I read recently in a book by Sherry Weddell, Forming Intentional Disciples her astute observation to the comment often heard today: “There are not enough vocations in the Church today.” Sherry without diminishing the beauty and necessity of Holy Orders (bishops, priests and deacons) and consecrated life (men and women religious) says there are plenty of vocations. The problem is that we are not recognizing most of them! Her point, not missed by this bishop, is that the laity have a vital role to play in the Church. The laity have a vital role to play in building God’s Kingdom. They, too, have a God-given mission to accomplish.

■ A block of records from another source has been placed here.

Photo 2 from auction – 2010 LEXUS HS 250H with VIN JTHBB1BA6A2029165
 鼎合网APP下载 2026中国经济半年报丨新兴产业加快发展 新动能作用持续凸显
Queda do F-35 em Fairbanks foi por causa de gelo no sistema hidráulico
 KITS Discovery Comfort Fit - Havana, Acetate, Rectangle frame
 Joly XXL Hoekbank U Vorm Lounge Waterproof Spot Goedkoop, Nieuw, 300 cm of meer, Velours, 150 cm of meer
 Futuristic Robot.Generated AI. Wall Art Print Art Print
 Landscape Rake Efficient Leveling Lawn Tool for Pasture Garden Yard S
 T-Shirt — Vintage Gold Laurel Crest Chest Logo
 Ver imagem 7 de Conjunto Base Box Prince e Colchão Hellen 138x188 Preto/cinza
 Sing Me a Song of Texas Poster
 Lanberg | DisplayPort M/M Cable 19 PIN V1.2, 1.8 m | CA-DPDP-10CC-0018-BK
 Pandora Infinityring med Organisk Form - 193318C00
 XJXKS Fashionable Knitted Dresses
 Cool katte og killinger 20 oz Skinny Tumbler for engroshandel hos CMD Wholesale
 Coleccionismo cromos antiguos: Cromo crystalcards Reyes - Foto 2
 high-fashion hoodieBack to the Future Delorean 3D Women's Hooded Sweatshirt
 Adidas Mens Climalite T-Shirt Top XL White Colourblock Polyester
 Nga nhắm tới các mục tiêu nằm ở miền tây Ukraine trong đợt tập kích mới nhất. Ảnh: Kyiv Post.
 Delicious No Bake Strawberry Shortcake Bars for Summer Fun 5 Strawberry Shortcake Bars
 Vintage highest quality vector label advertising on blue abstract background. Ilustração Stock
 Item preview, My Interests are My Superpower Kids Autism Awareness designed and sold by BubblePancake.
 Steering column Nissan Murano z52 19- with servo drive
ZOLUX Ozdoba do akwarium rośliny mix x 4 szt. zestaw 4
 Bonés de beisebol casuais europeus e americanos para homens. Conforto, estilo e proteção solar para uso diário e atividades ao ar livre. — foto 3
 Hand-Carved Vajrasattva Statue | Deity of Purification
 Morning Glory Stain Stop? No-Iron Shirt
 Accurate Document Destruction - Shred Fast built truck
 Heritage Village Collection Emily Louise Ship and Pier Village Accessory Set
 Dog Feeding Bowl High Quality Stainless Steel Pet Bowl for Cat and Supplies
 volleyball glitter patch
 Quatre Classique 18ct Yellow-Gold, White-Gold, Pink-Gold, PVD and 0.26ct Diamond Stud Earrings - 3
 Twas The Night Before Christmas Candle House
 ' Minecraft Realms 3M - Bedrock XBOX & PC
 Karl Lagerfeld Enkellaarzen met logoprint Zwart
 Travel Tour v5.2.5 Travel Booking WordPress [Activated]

The primary vocation shared by all is to live lives that are holy, rooted in the Gospel. Individually, this vocation takes shape as those called to marriage, or holy orders, or religious life, and some as single celibates. At the heart of the Christian vocation is the invitation to model our life on the life of Christ. To be created in the image and likeness of God is to be created for communion. The life of Christ was a total self gift to the Father in obedience to His will. The life of Christ was a total self gift to all of humanity to fulfill the Father’s work of redemption.
Here in lies the heart of all vocations; self gift. Each of us is called to live our life not for self, but for God, His Church, and for others. It is in this self gift that we achieve true self-realization. As we live this call from Christ to live our lives for him, we come to deeper realization of the gifts He has given us to aid us in furthering His Kingdom. This is what the active faith-life for each of us means; following Christ, actively participating in the sacramental life of the Church, and actively participating in the ministries of the Church that ultimately lead others to Christ.
Please join me in praying that more and more people discover their vocation in life. Join me in praying that more and more people discover the particular way God is inviting them to actively follow Christ and to build up His Kingdom. Join me in asking that each of us discover the joy of knowing, loving, and serving our God!